TASK BRIEF:
Would you print each of the entries below precisely as given?

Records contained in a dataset
┌────────
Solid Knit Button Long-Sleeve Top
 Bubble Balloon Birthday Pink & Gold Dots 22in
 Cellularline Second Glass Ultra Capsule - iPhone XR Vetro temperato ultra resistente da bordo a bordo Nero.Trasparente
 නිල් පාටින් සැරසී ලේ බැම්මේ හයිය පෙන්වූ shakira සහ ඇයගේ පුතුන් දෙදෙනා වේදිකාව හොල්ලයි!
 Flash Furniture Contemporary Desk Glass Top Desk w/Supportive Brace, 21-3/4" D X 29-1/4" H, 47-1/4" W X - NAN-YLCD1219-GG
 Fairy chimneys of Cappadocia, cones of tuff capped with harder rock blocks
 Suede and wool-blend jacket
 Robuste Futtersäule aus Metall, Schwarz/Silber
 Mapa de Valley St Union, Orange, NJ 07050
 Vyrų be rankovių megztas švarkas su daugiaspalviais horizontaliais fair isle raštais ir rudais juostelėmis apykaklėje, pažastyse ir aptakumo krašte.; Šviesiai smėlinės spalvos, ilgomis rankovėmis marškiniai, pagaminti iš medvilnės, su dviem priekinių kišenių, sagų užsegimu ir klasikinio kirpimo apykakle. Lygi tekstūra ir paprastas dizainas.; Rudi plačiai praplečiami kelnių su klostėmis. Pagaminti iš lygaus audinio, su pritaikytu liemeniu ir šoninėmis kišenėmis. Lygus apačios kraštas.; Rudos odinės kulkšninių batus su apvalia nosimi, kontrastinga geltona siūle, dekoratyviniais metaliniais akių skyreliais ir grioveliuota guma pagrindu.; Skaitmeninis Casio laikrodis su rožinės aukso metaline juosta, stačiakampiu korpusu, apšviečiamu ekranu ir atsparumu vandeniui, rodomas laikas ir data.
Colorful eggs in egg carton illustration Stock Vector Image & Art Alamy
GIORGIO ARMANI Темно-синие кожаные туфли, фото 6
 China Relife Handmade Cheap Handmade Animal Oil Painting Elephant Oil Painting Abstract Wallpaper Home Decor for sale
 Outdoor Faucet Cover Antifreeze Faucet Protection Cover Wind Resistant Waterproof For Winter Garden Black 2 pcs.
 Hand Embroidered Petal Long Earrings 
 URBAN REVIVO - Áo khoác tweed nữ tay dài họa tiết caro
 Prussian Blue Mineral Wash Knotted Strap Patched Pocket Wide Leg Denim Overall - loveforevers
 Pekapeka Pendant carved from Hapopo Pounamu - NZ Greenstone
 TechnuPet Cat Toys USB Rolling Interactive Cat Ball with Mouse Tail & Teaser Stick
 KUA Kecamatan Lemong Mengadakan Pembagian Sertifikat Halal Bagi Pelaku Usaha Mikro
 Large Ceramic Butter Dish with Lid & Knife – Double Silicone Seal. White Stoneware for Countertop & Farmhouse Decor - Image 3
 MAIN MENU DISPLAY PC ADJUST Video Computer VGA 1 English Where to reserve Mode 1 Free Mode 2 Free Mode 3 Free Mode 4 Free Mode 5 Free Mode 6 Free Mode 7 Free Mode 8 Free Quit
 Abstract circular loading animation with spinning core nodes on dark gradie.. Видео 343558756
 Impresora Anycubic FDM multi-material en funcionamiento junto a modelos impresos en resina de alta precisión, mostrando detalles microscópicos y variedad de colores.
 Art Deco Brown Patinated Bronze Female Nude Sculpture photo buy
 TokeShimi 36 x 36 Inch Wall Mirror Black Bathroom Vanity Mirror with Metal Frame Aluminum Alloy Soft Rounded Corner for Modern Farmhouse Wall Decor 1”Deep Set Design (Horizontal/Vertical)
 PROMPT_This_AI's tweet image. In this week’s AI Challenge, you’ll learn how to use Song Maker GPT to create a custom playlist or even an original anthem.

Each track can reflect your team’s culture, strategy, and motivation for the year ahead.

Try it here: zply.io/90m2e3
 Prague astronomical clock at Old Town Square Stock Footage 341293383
└────────
ANSWER TO THIS TASK:
Solid Knit Button Long-Sleeve Top
 Bubble Balloon Birthday Pink & Gold Dots 22in
 Cellularline Second Glass Ultra Capsule - iPhone XR Vetro temperato ultra resistente da bordo a bordo Nero.Trasparente
 නිල් පාටින් සැරසී ලේ බැම්මේ හයිය පෙන්වූ shakira සහ ඇයගේ පුතුන් දෙදෙනා වේදිකාව හොල්ලයි!
 Flash Furniture Contemporary Desk Glass Top Desk w/Supportive Brace, 21-3/4" D X 29-1/4" H, 47-1/4" W X - NAN-YLCD1219-GG
 Fairy chimneys of Cappadocia, cones of tuff capped with harder rock blocks
 Suede and wool-blend jacket
 Robuste Futtersäule aus Metall, Schwarz/Silber
 Mapa de Valley St Union, Orange, NJ 07050
 Vyrų be rankovių megztas švarkas su daugiaspalviais horizontaliais fair isle raštais ir rudais juostelėmis apykaklėje, pažastyse ir aptakumo krašte.; Šviesiai smėlinės spalvos, ilgomis rankovėmis marškiniai, pagaminti iš medvilnės, su dviem priekinių kišenių, sagų užsegimu ir klasikinio kirpimo apykakle. Lygi tekstūra ir paprastas dizainas.; Rudi plačiai praplečiami kelnių su klostėmis. Pagaminti iš lygaus audinio, su pritaikytu liemeniu ir šoninėmis kišenėmis. Lygus apačios kraštas.; Rudos odinės kulkšninių batus su apvalia nosimi, kontrastinga geltona siūle, dekoratyviniais metaliniais akių skyreliais ir grioveliuota guma pagrindu.; Skaitmeninis Casio laikrodis su rožinės aukso metaline juosta, stačiakampiu korpusu, apšviečiamu ekranu ir atsparumu vandeniui, rodomas laikas ir data.
Colorful eggs in egg carton illustration Stock Vector Image & Art Alamy
GIORGIO ARMANI Темно-синие кожаные туфли, фото 6
 China Relife Handmade Cheap Handmade Animal Oil Painting Elephant Oil Painting Abstract Wallpaper Home Decor for sale
 Outdoor Faucet Cover Antifreeze Faucet Protection Cover Wind Resistant Waterproof For Winter Garden Black 2 pcs.
 Hand Embroidered Petal Long Earrings 
 URBAN REVIVO - Áo khoác tweed nữ tay dài họa tiết caro
 Prussian Blue Mineral Wash Knotted Strap Patched Pocket Wide Leg Denim Overall - loveforevers
 Pekapeka Pendant carved from Hapopo Pounamu - NZ Greenstone
 TechnuPet Cat Toys USB Rolling Interactive Cat Ball with Mouse Tail & Teaser Stick
 KUA Kecamatan Lemong Mengadakan Pembagian Sertifikat Halal Bagi Pelaku Usaha Mikro
 Large Ceramic Butter Dish with Lid & Knife – Double Silicone Seal. White Stoneware for Countertop & Farmhouse Decor - Image 3
 MAIN MENU DISPLAY PC ADJUST Video Computer VGA 1 English Where to reserve Mode 1 Free Mode 2 Free Mode 3 Free Mode 4 Free Mode 5 Free Mode 6 Free Mode 7 Free Mode 8 Free Quit
 Abstract circular loading animation with spinning core nodes on dark gradie.. Видео 343558756
 Impresora Anycubic FDM multi-material en funcionamiento junto a modelos impresos en resina de alta precisión, mostrando detalles microscópicos y variedad de colores.
 Art Deco Brown Patinated Bronze Female Nude Sculpture photo buy
 TokeShimi 36 x 36 Inch Wall Mirror Black Bathroom Vanity Mirror with Metal Frame Aluminum Alloy Soft Rounded Corner for Modern Farmhouse Wall Decor 1”Deep Set Design (Horizontal/Vertical)
 PROMPT_This_AI's tweet image. In this week’s AI Challenge, you’ll learn how to use Song Maker GPT to create a custom playlist or even an original anthem.

Each track can reflect your team’s culture, strategy, and motivation for the year ahead.

Try it here: zply.io/90m2e3
 Prague astronomical clock at Old Town Square Stock Footage 341293383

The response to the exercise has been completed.